Katherine Tai: Biden's choice of top trade diplomat well-poised to confront China

Veteran trade lawyer Katherine Tai worked for the Office of the United States Trade Representative from 2007 to 2014. PHOTO: AFP

WASHINGTON - Confronting China on its unfair trade practices will be a "key priority" in his administration, United States President-elect Joe Biden said on Friday (Dec 11) as he introduced veteran trade lawyer Katherine Tai as his choice for the nation's top trade envoy and advisor.

The 45-year-old Ms Tai, the chief trade counsel on the House of Representatives' Ways and Means Committee, worked for the Office of the US Trade Representative (USTR) from 2007 to 2014.

During this time, she rose to become the chief trade enforcer against unfair trade practices by China from 2011 to 2014, roping in trade partners to successfully bring cases against China in the World Trade Organisation.

"She understands that we need to be more strategic in how we trade - in a way that makes us all stronger and leaves no one behind," said Mr Biden, adding that Ms Tai will work closely with his economic, national security, and foreign policy teams.

If confirmed by the Senate, Ms Tai will be the first Asian American in the USTR post.

Beyond her solid credentials and sophisticated understanding of trade issues, Ms Tai also "embodies a powerful immigrant story of America", said Mr Biden.

Her parents were born in mainland China and grew up in Taiwan. They moved to the US as graduate students in the sciences in the 1960s, following immigration reforms that enabled a wave of Asian migrants to America.

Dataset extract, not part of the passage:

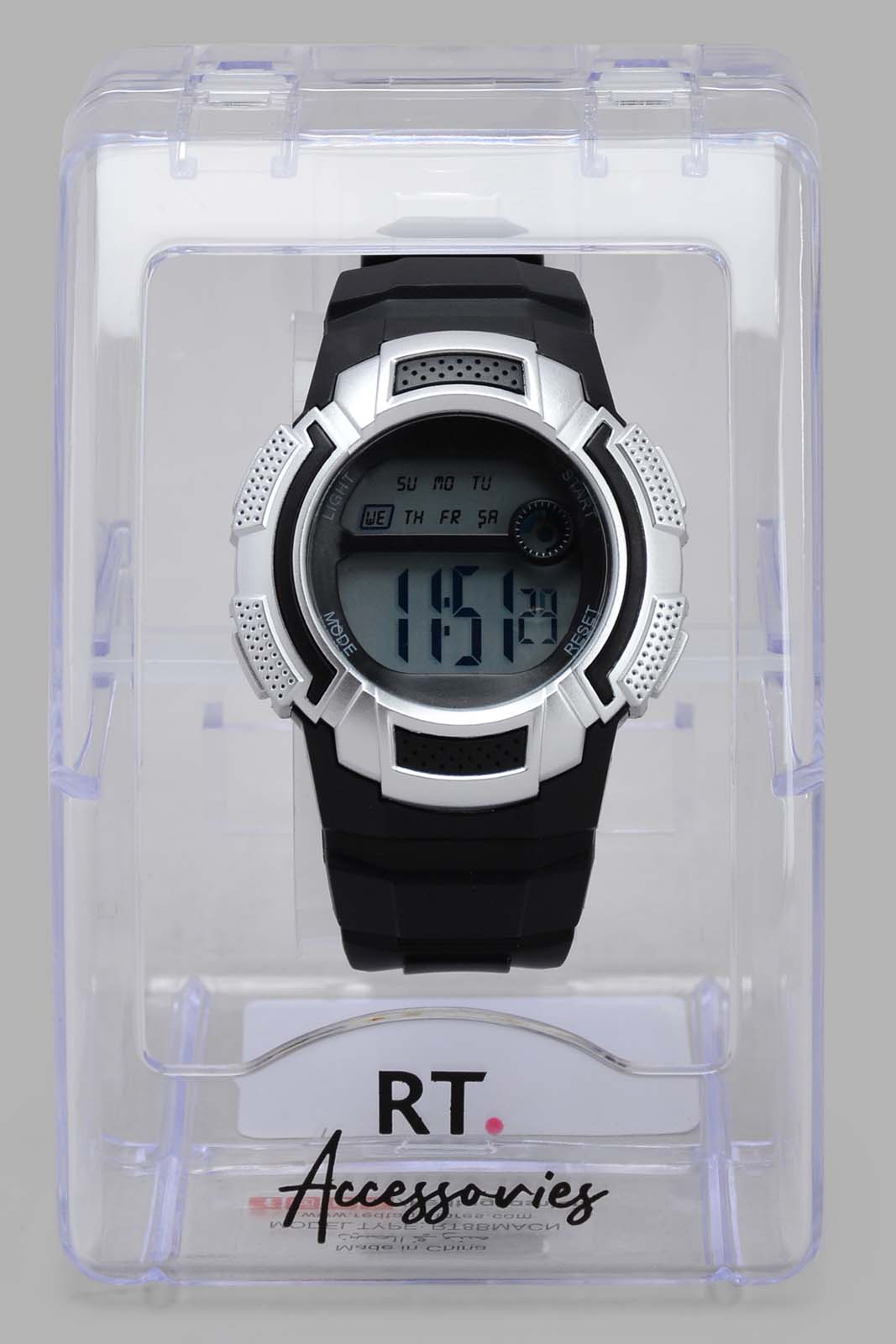 Redtag-Black-Multi-Functional-Digital-Watch-BOY-Watches,-Category:Watches,-Colour:Black,-Deals:Sale,-Filter:Boys-Accessories,-New-In,-New-In-BOY-ACC,-Non-Sale,-S22C,-Sale-BOY-ACC,-Section:Boys-(0-to-14Yrs)-Boys-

Ms Tai's father became a researcher at the Walter Reed National Military Medical Centre in Maryland, helping the US army advance treatments for American troops who fought in the Vietnam War, said Ms Tai on Friday after being introduced by Mr Biden.

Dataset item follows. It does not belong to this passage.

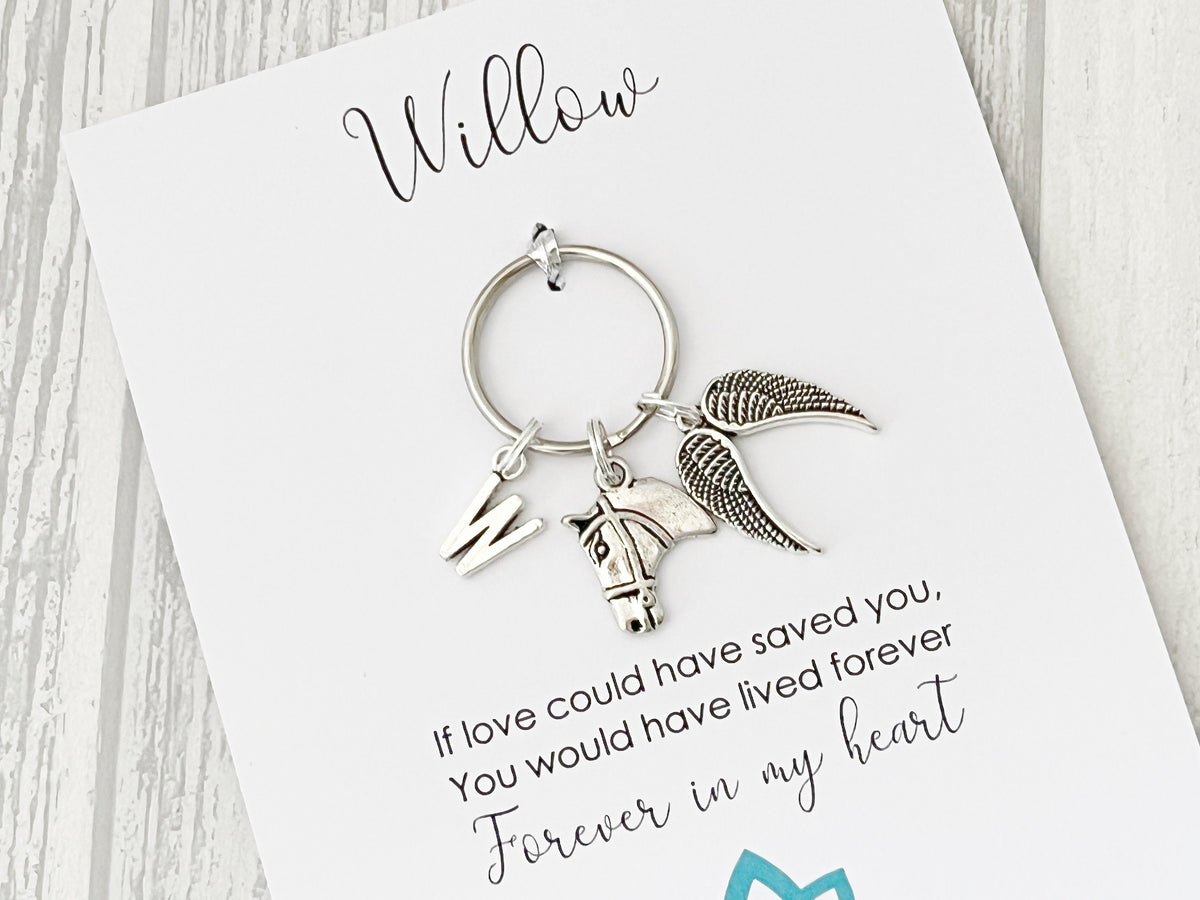 Horse Memorial Keyring | Pet Loss Gift | Personalised Keepsake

She added that her mother still works at the National Institutes of Health, the US government's medical research centre, developing treatments for opioid addiction.

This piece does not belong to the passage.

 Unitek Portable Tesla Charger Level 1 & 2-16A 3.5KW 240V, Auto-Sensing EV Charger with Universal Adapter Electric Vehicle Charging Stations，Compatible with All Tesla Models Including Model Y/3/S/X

Her parents became naturalised American citizens in 1979, five years after Ms Tai was born in Connecticut. She was "the very first American in our family", she said.

Ms Tai, a Yale and Harvard graduate, speaks fluent Mandarin and taught English for two years in Zhongshan University in Guangzhou, China in the late 1990s.

Trade watchers said that Ms Tai will have the stomach and the expertise to confront China. But her past record suggests she may do so in a way different from the Trump administration: under the umbrella of multilateral organisations and together with partners.

"Tai will be entirely comfortable in aggressively confronting China when needed," Mr Stephen Olson, research fellow at the Hong Kong-based Hinrich Foundation and former US trade negotiator, wrote in an online commentary.

He expected the Trump administration's tariffs on Chinese goods to remain in place at least initially, as Ms Tai directs the Office of the USTR to conduct a thorough review of the Phase One agreement that marked something of a ceasefire to the US-China trade war.

"She has also expressed comfort with subsidies and incentives to reduce US over-reliance on Chinese imports," added Mr Olson.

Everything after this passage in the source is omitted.